Le Vatican est un tout petit État rempli de secrets. Le pape François est mort, ce lundi 21 avril dans la matinée, à l'âge de 88 ans. Lors de son pontificat qui aura duré 12 ans, un «scandale» de corruption a secoué le Vatican, ce qui a conduit à l’ouverture d’un procès inédit en 2021. Dans les faits, Giovanni Angelo Becciu, ancien cardinal et proche du souverain pontife, est impliqué dans une affaire de financement opaque, alors qu’il était numéro 2 de la secrétairerie d’État, explique Vanity Fair.

Deux ans auparavant, des doutes ont surgi quand la justice du Vatican s’est penchée sur l’investissement de plus de 150 millions d’euros de la part du dicastère dans un immeuble, à Londres, en 2012. Les chefs d’accusation sont alors détournement de fonds, abus de pouvoir et subornation de témoin. Giovanni Angelo Becciu clame son innocence et s’estime «victime d’un complot», rapporte Le Monde. Or, les faits sont confirmés par le pape François. «On a fait des choses qui n’étaient pas propres», déclarait-il en 2019.

22 millions d’euros saisis sur fond de transferts douteux

Après ce scandale et l’affaire des fuites appelées «Vatileaks» avec notamment des trafics d’influence et des détournements de fonds, le pape François souhaite lancer des réformes pour plus de transparence dans les finances du Vatican. Cette volonté a été marquée par la création d’un secrétariat de l’économie en 2014, puis par la fermeture de 5 000 comptes suspects dans la Banque du Vatican, ainsi que l’encadrement des appels d’offres. Dans le même temps, le Vatican a dû s’adapter aux règles de l’Union européenne en matière de blanchiment d’argent. En effet, en 2010, une enquête du parquet de Rome est ouverte sur la Banque du Vatican. Résultat : 22 millions d’euros sont saisis sur fond de transferts douteux.
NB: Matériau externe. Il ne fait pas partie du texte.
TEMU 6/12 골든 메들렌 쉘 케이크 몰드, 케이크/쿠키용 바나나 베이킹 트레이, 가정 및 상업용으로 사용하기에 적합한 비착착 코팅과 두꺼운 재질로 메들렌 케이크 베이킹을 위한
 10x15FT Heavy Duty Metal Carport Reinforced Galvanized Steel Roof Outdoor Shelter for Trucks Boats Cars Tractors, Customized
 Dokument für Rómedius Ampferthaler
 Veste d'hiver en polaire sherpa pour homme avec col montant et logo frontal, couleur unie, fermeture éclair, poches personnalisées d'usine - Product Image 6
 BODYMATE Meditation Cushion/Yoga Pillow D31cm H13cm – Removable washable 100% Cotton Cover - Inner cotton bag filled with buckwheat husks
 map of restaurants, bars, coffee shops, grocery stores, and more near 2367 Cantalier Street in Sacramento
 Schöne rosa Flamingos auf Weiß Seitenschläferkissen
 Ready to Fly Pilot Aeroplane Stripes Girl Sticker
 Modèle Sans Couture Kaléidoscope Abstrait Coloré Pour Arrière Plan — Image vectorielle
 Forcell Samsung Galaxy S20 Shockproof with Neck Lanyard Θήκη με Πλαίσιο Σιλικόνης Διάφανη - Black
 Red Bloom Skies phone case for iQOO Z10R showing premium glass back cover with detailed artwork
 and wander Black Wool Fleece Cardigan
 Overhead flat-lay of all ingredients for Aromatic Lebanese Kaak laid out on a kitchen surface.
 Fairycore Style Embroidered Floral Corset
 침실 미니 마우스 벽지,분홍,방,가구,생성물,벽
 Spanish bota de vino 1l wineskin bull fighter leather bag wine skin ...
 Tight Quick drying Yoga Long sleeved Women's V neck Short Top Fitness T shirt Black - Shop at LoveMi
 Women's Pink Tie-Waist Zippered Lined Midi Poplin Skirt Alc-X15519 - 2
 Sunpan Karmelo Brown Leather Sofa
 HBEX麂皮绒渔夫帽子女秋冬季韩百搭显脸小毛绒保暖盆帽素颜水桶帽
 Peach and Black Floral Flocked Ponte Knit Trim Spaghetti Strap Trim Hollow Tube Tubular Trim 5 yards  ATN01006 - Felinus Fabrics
Le patrimoine de ce petit État, constitué surtout de nombreux trésors culturels mais aussi d’investissements dans des entreprises ou l’immobilier, attire particulièrement l’attention sur la nature exacte de chaque mouvement d’argent. Néanmoins, lancer des réformes se révèle être une chose ardue au Vatican. Le projet de Jorge Mario Bergoglio, de son vrai nom, a été un combat de tous les instants. Et pour cause, «ses ennemis sont notamment les conservateurs américains qui ne l’aiment pas car il serait trop moderne, trop de gauche», révélait le journaliste italien Gianluigi Nuzzi dans son livre intitulé Jugement dernier.